The excellent Legal Services Research Centre (LSRC) of the Legal Services Commission held its biannual conference in the imposing setting of Greenwich Naval College at the end of June. Major topics of concern were the pursuit of quality and the identification of need for advice. One issue screamed its absence, however: research into future plans for controlling the legal aid budget—in particular, the introduction of competitive tendering.

This absence is not really the research centre's fault. Ministers are determined to drive ahead— largely because they can see no alternative and the itinerant Lord Carter (who went on to recommend massive “Titan” prisons) has told them that this is the way forward. Alas, research in the US, the only country that has tried flogging off bundles of legal cases to the lowest bidder, indicates that the problems of competitive tendering are legion. It is only a pity that ministers are not interested in commissioning the LSRC to do any work in this area. Could it be that they fear the results? Or are they de-mob happy and beginning to consider that they will not be around to see the chaos that arises as defendants are deprived of any choice of their lawyer; firms develop cartels; and no one is able to plan much beyond a short contract period?

Sir Alan Goes for It

Sir Alan Beith MP, as now he is, believes that the attorney general should no longer be a politician. He does not like the memory of the Iraq war; sales to Iraq before that war or the halting of the corruption enquiry into BAE Systems PLC. He has chaired a House of Commons committee which has said so once and has now said so again.

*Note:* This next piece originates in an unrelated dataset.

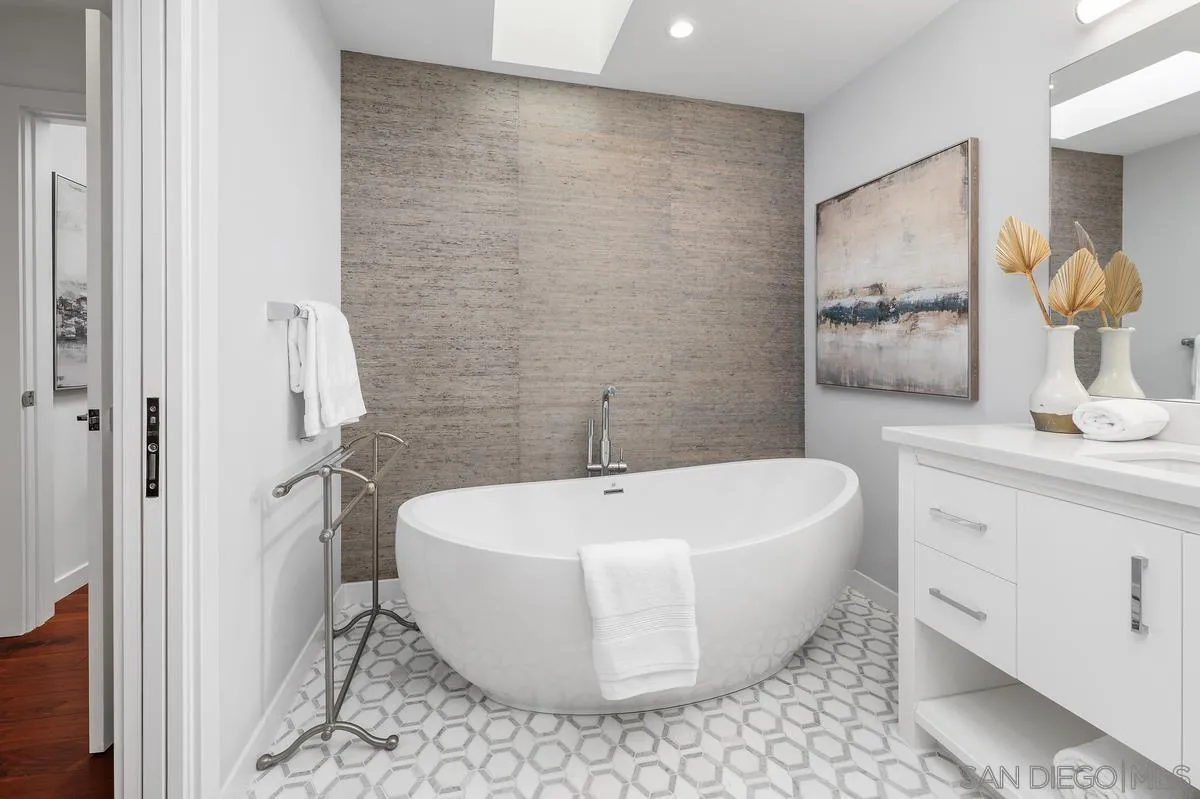 16902 Via De Santa Fe #4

Sir Alan chairs the House of Commons Justice Committee that, in its previous life, was the Constitutional Affairs Committee. Notwithstanding the creation of a joint committee of both Houses of Parliament to look at the draft Constitutional Renewal Bill that proposes only limited amendment to the attorney's role, Sir Alan convinced his own committee to pre-empt the joint committee with a rapid response reassertion of the arguments for the demise of the attorney.

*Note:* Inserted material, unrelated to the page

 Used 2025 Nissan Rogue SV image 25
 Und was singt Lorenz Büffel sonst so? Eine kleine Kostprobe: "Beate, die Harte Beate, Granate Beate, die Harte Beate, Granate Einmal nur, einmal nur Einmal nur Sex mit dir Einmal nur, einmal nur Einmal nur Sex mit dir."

Sir Alan has little time for the prevarication of the government's Bill. This, indeed, does little except remove the attorney's decision-making in individual cases except where national security issues are concerned. Sir Alan's quip is that the Bill is more about “constitutional retreat” than “constitutional renewal”. There is some truth to this. The Bill begins by reversing the ban on protesting within a kilometre of Parliament without police permission. Its provisions on the attorney give no recognition to the difficulties that have followed the BAE affair where, technically, Lord Goldsmith had no power to take any decision. Sir Alan is right to point out that it is no answer to the criticism that followed to extend the attorney's powers. It is this sort of provision which dogs the government's attempt to take a bold line on the constitution.

Bingham on Top Form

Lord Bingham delivered another trademark high quality judgment in the Davis case (R v Davis [2008] UKHL 36, [2008] All ER (D) 222 (Jun)) that had Jack Straw scrambling away to get statutory authority for witness anonymity. He retires in the summer and let us hope that his successor, Lord Phillips, will maintain the standard that we have come to expect.

One indication of Lord Bingham's enormous success is his almost total absence of a press profile. This time, as so often before, he delivers a devastating attack on current practice or policy. You would have thought the Daily Mail would be slavering at the mouth to bring him to earth. But, not a bit of it. Lord Bingham can walk through the Westminster crowd unrecognised and unknown.

Lord Bingham's speech follows a pattern—showing an interest in the history of the common law right to confront your accuser; passing to observe that a number of US states took up the provision and put it in their constitutions; tracing its passage into the European Convention on Human Rights; and ending up with a clear indication that overruling such a provision at least requires legislation. Whether you are in favour of such provisions or not, his logic in requiring Parliamentary authority is impeccable and a good deal superior to that of the Court of Appeal below where Lord Justice Judge was happy to invoke the “innate authority” of the court to allow modification of basic principle protected by the European Convention and the common law alike.